Una vez una psicóloga me dijo algo muy simple pero muy cierto: los niños necesitan tu atención y conectar con vos. Si durante el día no les diste la suficiente atención, a la noche no van a querer dormir, porque van a querer estar despiertos para estar con vos. Pasa mucho cuando trabajás todo el día (que es la realidad inevitable de muchos), y también pasa cuando, lamentablemente, a los adultos no les divierte tanto jugar y no les dan mucha pelota.
Los chicos siempre van a buscar tu atención. Pueden hacerlo por la positiva o por la negativa. Cuando sienten que no los estás mirando, empiezan a portarse peor. Hacen un desastre tras otro, simplemente porque descubren que esa es la manera más rápida de que los mires.
Por eso, cuando ves que tu hijo está haciendo "cagadas" una atrás de la otra, lo primero que deberías preguntarte es: ¿Estoy conectando con él? ¿Estoy mirando su lado positivo? ¿Le estoy dando el espacio para que me llame la atención haciendo cosas lindas?
Esto es fundamental, porque si se instalan en esa inercia de llamar la atención por lo malo, llega un momento muy triste en el que el niño se autoetiqueta. Empieza a pensar y a decir: "Yo soy terrible, yo me porto mal". Y una vez que asumen esa identidad, actúan en consecuencia.
Las etiquetas son una porquería. Así como tenemos que pelear para cuidar su autoestima (sus fichas de póker), tenemos que pelear contra las etiquetas que el mundo les pone. Y a las escuelas les encanta etiquetar a los niños.

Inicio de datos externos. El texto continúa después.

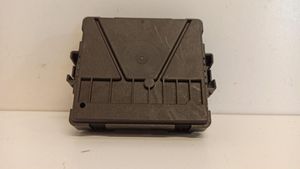 Audi A3 8Y Modulo di controllo accesso 5WA907530C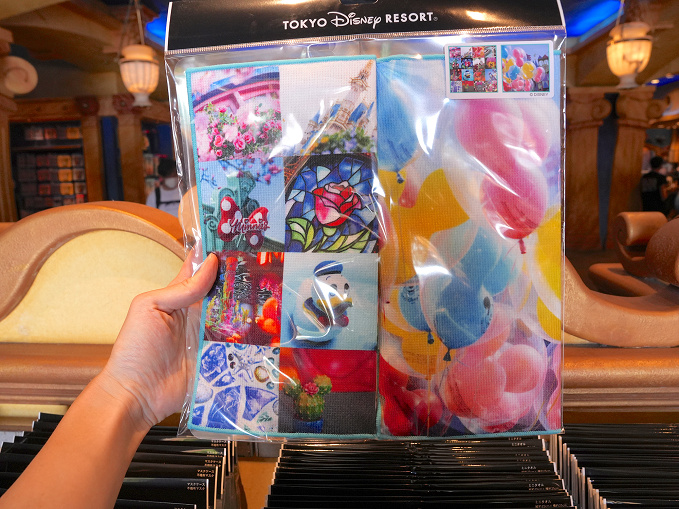 22 ディズニーのタオルまとめ ミニタオル ウォッシュ フェイス バスタオル 今治タオルも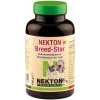 NEKTON Breed Star 140 g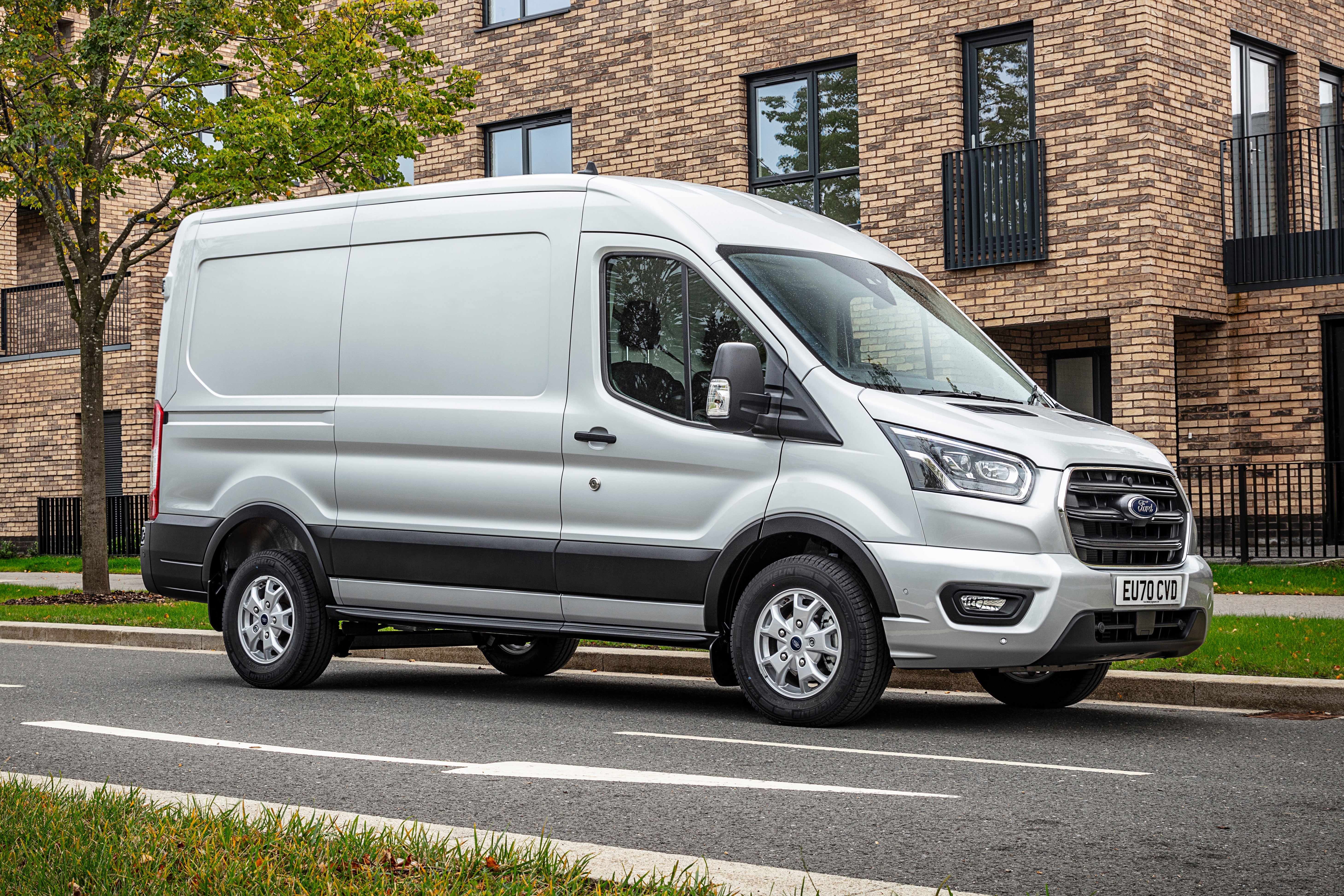 Transit van. Ford Transit 2020. Форд Транзит фургон 2021. Ford Transit Jumbo 2012. Ford Transit фургон VIII 2.2 TDCI.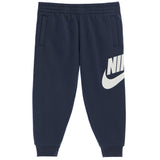 Club Fleece HBR Jogger - Denny's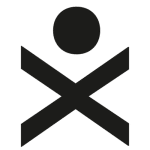 dabx-logo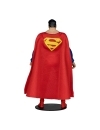 DC Multiverse Figurina articulata Superman (Action Comics) (Gold Label) 18 cm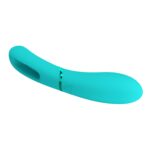 romance lexie 7 vibration functions 4 wiggling settings 2 - galeria 6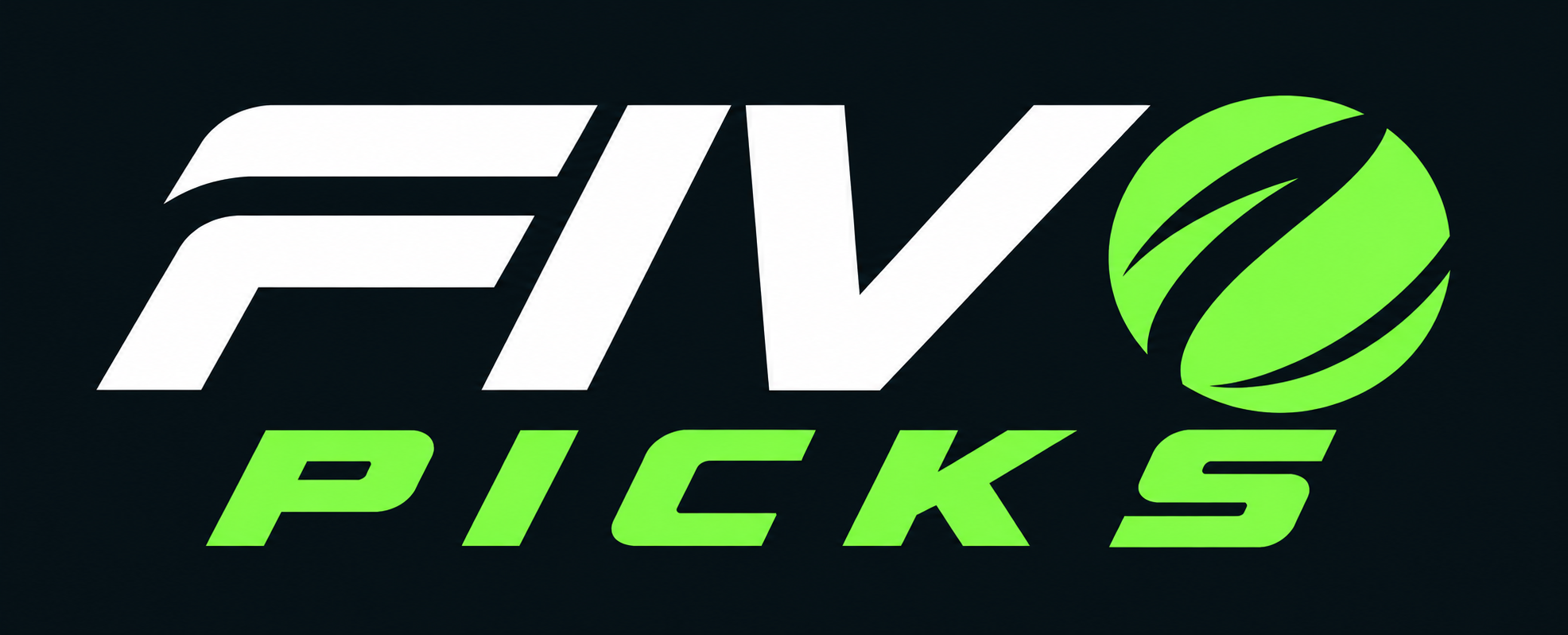 Fivo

En las reuniones de padres, confieso, soy la peor enemiga del sistema. Voy, escucho todo lo que me dicen que mi hijo hace mal, y por lo general los termino defendiendo a ellos. Si me dicen que no espera su turno para hablar, les contesto que en mi casa sí lo espera, así que tal vez en el colegio no le están dando la palabra cuando le corresponde. Trato de partir siempre de la base de que el niño tiene sus razones. Y, sobre todo, no me olvido de que es un niño.

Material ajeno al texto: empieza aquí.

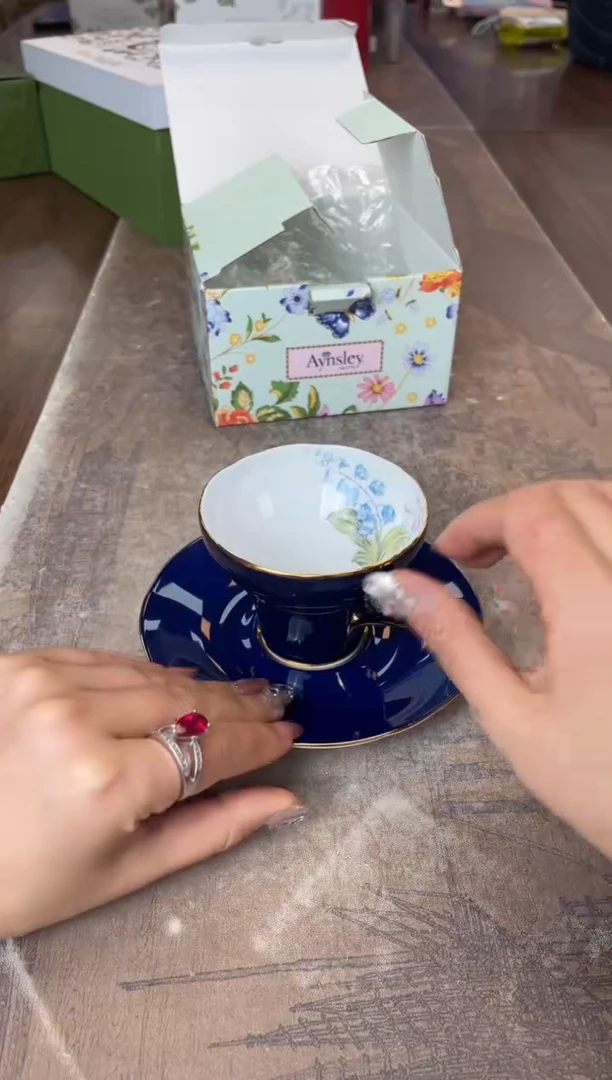 【闪购商品】杯别算了真划算买它@@EE53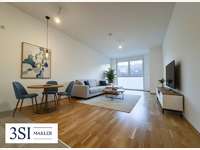 Eigentumswohnung in Wien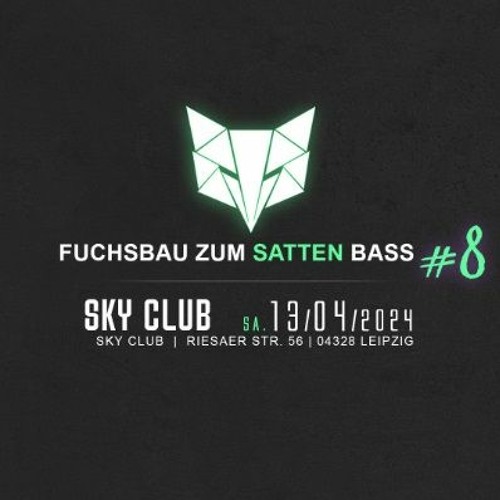Mijanekk_Set@SkyClubLeipzig (vs. ProTEKKtic)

Hace poco tuve un intercambio con el director del colegio porque habían dejado a mi hijo y a sus compañeros sin recreo como castigo. Le mandé un mail muy directo: le expliqué que me parecía pésimo que un chico que está de 8 a 16 horas encerrado en una institución se quede sin salir al patio. Le aclaré que no solo es nocivo para ellos, sino que va en contra de los derechos de la niñez. Le pedí que, si pensaban volver a hacerlo, me avisaran, porque yo iba a ir a buscar a mi hijo para llevármelo.

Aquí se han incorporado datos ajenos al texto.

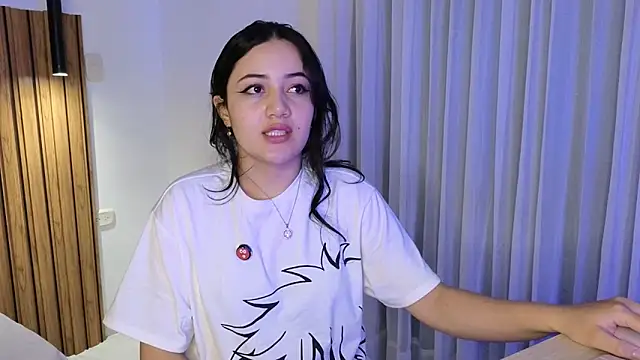 Isa 1207 online show from 09-14-25, 08:20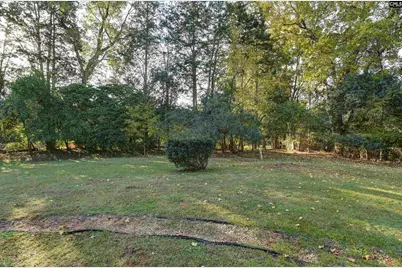 139 Outrigger Lane, Columbia, SC 29212 - Photo 35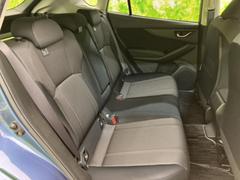 �ͥåȤǼ֤򸫤Ƥ��Ƥ⥤�᡼����ͯ���ʤ������������ʲ�Ҥ�֤����ꤹ���Ʋ����ɤ��Τ�ʬ����ʤ��������������ͤ��Τ����͡������̤ΤߤǤ�ϣˤǤ����ףţã��ңӤǤ���żֹ����δ��ܤ��������ޤ��� 6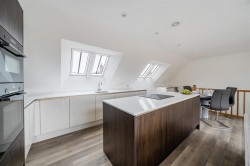 Images for Fox View, Milborne St. Andrew, Blandford Forum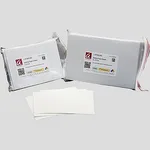 AS ONE Blotting Paper 60 Sheetsand others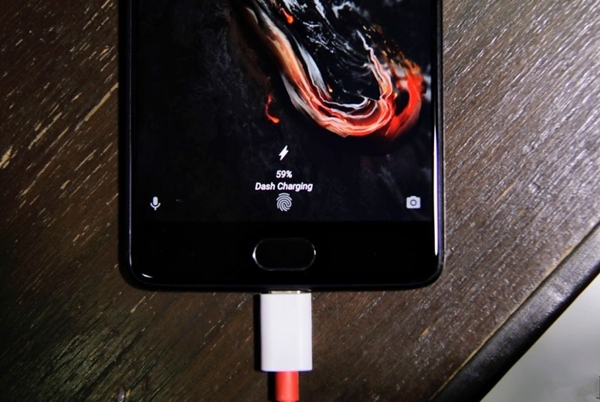 3月手机性能排行:iPhone 7 Plus霸榜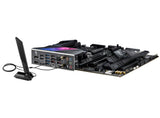 ASUS ROG STRIX Z690-E GAMING WIFI (ATX, Z690, LGA 1700, DDR5)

El director me contestó negándolo, diciendo que nunca los habían dejado sin recreo. Una mentira en la cara, porque mi hijo me contó exactamente cómo había sido. Lejos de seguir discutiendo el hecho, le respondí: "Voy a confiar entonces en que esto no va a volver a pasar, y confío también en que van a encontrar mejores maneras de marcarles el camino. Y, por favor, no se olviden de que son niños".
Hay que defenderlos de las instituciones cuando las instituciones se olvidan de quiénes son los que están ahí adentro.